Notice: First Circuit Local Rule 36.2(b)6 States Unpublished Opinions May Be Cited Only in Related Cases.carley Distributing Corporation, Plaintiff, Appellant, v. First National Bank of Boston, N.a., Defendant, Appellee, 14 F.3d 44 (1st Cir. 1993)Annotate this Case
Appeal from the United States District Court for the District of Puerto Rico
Alice Net Carlo with whom Carlos E. Rosado was on brief for appellant.
Manuel Moreda-Toledo for appellee.
Before Breyer, Chief Judge, Coffin, Senior Circuit Judge, and Boudin, Circuit Judge.
COFFIN, Senior Circuit Judge.
The issue before us is whether the district court, in refusing to reconsider its decision to dismiss a second amended complaint for failure to state any non-fraud cause of action, abused its discretion. Our conclusion is that, even if the issue had been preserved, there has been no abuse.
The factual essence of the complaint is that plaintiff was a supplier and creditor of an electronics retailer, Novedades Guerra (N.G.); N.G. and the bank agreed that N.G. would pay its suppliers/creditors with post-dated checks, which the bank would honor; N.G. issued eleven such checks to plaintiff but the bank, by setting off deposits of N.G.'s sales proceeds against N.G.'s outstanding debt to it, reduced the amount available to pay N.G.'s creditors and discriminated against plaintiff by honoring some post-dated checks payable to other creditors; the result was that no checks payable to plaintiff were honored. The complaint also alleged that the bank made false representations to creditors of N.G., allegations no longer relevant to this appeal.
The district court, in dismissing the second amended complaint-which, it observed, represented plaintiff's third opportunity to submit an acceptable pleading-referred to a listing of the supposed non-fraud causes of action: breach of contract, fraud and/or negligence, breach of fiduciary duties, misrepresentation, unsafe and unsound banking practices, and tortious interference with contractual relationships. It held that not only did plaintiff fail to set forth each claim as required by Fed. R. Civ. P. 10(b), it also failed to allege facts ("as opposed to unverifiable conclusions") supporting such claim or to relate facts to a legal theory. Therefore, the court held, plaintiff failed to state a claim under Fed. R. Civ. P. 12(b) (6).
In moving to reconsider this dismissal, plaintiff sought reconsideration only "on the grounds that the pleadings are sufficient to meet the specificity requirements of Rule 9(b)." This reference, of course, was to the allegations of fraud.

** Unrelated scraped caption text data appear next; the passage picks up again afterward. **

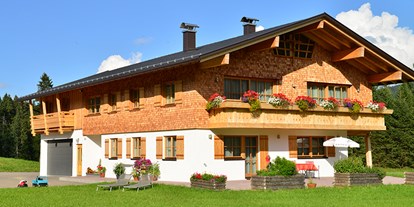 Hotels und Ferienwohnungen im Oberallgäu - Verpflegung: Frühstücksbuffet - Österreich - Bergblick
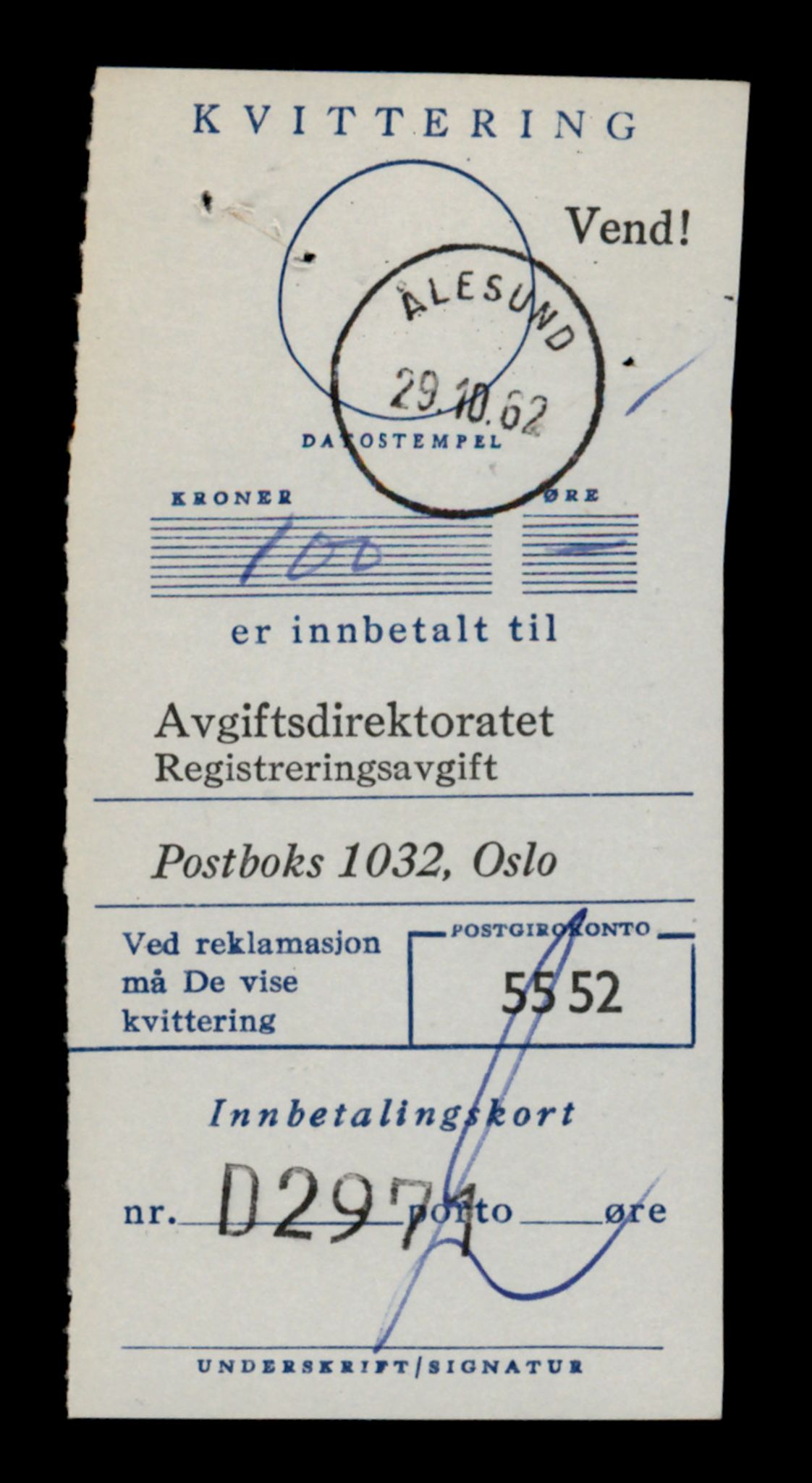 Møre og Romsdal vegkontor - Ålesund trafikkstasjon, SAT/A-4099/F/Fe/L0012: Registreringskort for kjøretøy T 1290 - T 1450, 1927-1998, p. 1412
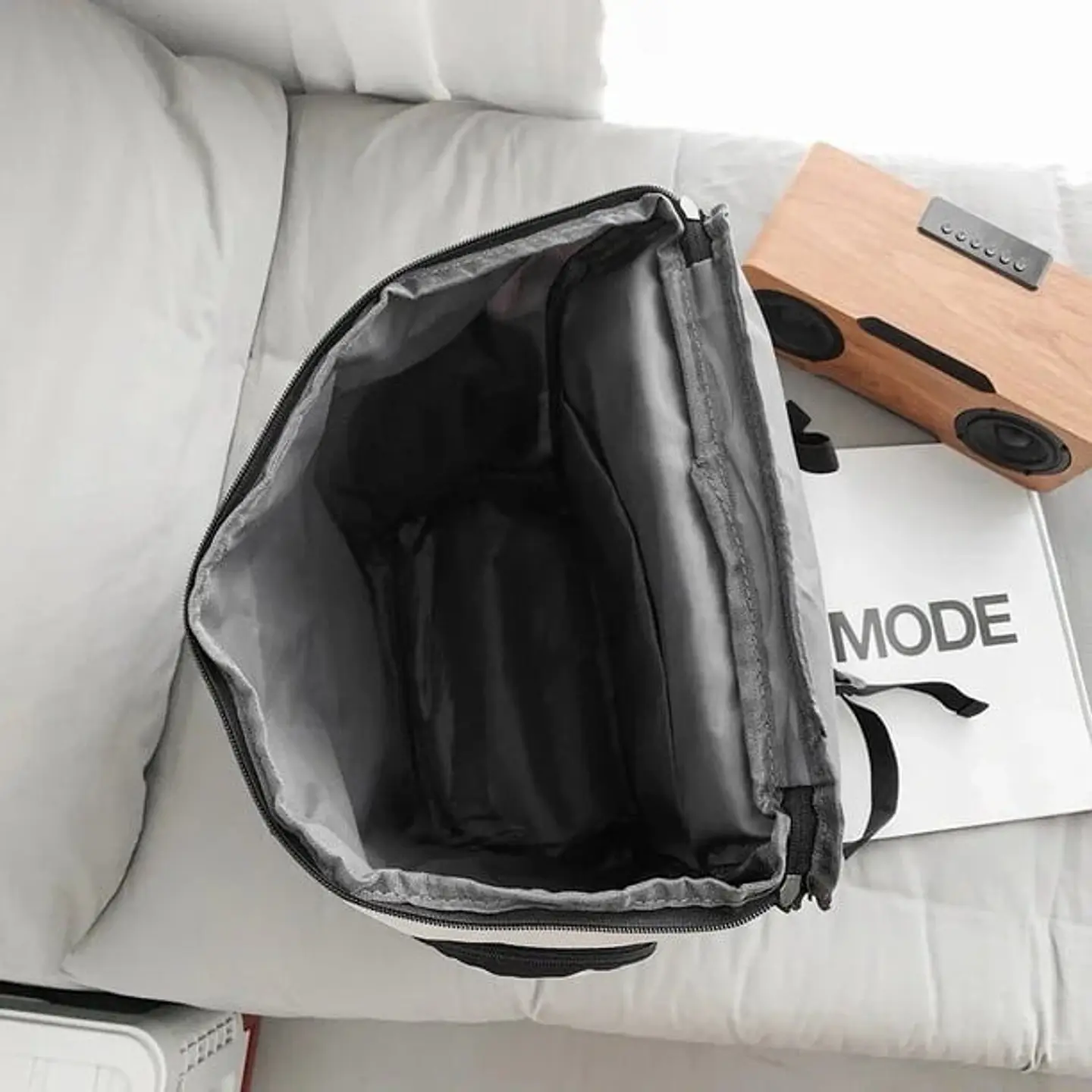 Mochila Moderna De Viaje De Alta Capacidad Gris 4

Only in the last two pages of the twenty-two page brief supporting the motion was there mention of non-fraud claims. Even here there was only the most conclusory assertion that such claims "require only general pleading"-with no effort to demonstrate how any such claim could be considered adequate. At least, the issue was discussed "in only a most perfunctory manner ... [and is] deemed waived on appeal." Rodriguez-Pinto v. Tirado-Delgado, 982 F.2d 34, 41 (1st Cir. 1993).
To compound its difficulties, while plaintiff on appeal identifies its claims as including breach of contract, breach of fiduciary duties, or tortious interference with contractual relations, it proffers arguments only with regard to its claim of "negligent or tortious conduct." It cites three subordinate theories. The first is the bank's failure "to honor the agreement with [N.G.] that the post-dated checks ... would be paid when due." This has the aroma of an alleged breach of contract, but that theory is not argued on appeal. Nor do we perceive any ground for inferring a duty of care owed by the bank to creditors of N.G.
The remaining allegations are that causes of action in tort arise from the "intentional or unintentional ... discriminatory pattern" of honoring some post-dated checks but not others, and the bank's setting off N.G.'s deposits of proceeds from sales against N.G.'s debt to the bank rather than paying N.G.'s suppliers. But the arguments were not made in plaintiff's motion for reconsideration below. We can hardly fault the district court for any abuse of discretion in overlooking claims that were never advanced. Even were we to entertain the arguments, plaintiff has not pointed out any legal basis for deeming these alleged actions improper or a breach of any duty.